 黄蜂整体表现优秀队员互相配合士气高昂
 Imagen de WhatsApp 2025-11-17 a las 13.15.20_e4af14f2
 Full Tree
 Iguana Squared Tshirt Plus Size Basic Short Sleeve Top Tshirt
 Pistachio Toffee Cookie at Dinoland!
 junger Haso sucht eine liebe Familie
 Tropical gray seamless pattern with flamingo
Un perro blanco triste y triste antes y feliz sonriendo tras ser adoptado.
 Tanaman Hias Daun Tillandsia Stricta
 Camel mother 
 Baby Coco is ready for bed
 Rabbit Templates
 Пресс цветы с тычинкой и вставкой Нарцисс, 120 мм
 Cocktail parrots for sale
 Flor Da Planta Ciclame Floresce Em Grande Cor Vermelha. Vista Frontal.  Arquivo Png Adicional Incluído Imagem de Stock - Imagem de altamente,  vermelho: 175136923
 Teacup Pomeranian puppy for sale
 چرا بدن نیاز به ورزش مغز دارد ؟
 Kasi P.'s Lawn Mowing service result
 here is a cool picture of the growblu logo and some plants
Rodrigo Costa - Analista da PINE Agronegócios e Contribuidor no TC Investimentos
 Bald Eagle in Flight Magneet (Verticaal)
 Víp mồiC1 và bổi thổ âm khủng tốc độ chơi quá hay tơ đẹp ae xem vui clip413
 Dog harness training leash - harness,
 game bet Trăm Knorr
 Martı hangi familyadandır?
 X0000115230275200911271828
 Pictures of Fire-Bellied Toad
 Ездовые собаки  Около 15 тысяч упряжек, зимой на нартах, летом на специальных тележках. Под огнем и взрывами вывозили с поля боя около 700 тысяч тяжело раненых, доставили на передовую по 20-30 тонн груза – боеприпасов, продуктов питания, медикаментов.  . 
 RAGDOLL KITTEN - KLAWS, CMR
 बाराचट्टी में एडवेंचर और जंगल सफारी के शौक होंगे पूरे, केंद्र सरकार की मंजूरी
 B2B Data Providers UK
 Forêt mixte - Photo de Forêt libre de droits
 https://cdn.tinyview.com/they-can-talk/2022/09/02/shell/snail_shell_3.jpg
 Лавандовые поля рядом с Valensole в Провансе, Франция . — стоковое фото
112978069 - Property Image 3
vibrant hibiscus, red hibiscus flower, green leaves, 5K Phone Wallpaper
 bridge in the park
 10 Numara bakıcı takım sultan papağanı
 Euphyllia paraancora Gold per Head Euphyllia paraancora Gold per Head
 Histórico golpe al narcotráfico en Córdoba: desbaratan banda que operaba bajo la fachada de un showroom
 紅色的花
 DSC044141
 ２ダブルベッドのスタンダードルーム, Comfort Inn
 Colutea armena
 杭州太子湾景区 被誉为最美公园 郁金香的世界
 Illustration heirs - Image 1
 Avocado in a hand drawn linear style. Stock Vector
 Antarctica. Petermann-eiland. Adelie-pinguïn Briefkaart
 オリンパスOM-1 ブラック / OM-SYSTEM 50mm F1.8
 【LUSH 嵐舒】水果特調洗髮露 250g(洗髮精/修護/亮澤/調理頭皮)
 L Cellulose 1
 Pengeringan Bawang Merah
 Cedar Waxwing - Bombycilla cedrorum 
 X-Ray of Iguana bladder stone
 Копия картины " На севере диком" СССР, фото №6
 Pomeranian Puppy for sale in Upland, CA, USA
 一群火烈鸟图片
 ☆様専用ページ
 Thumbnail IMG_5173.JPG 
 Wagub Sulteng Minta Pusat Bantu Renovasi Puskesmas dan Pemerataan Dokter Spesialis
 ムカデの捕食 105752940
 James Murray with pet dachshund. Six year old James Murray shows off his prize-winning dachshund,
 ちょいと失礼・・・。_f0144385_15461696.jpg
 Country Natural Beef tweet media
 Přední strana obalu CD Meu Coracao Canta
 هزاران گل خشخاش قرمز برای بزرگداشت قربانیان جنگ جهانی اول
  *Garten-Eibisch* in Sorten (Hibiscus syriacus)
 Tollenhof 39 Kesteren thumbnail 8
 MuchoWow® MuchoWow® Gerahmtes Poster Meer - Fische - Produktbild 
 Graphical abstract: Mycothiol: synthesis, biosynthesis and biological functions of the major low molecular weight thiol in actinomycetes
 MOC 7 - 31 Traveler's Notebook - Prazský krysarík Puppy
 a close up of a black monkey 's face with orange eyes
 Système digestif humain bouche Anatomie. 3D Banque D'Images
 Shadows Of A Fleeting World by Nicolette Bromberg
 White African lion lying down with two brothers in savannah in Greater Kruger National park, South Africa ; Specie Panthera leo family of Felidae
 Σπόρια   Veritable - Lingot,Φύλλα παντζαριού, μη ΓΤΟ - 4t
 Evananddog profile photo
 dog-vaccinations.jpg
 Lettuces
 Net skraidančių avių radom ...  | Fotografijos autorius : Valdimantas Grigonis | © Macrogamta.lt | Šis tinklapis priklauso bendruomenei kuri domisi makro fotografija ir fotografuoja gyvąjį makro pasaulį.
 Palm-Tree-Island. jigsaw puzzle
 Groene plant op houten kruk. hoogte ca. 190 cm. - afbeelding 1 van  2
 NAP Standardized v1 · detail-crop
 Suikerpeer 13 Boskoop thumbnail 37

## What needs to be done
Output only the number of lines in the data above that include the word "поля".

## Exercise solution
2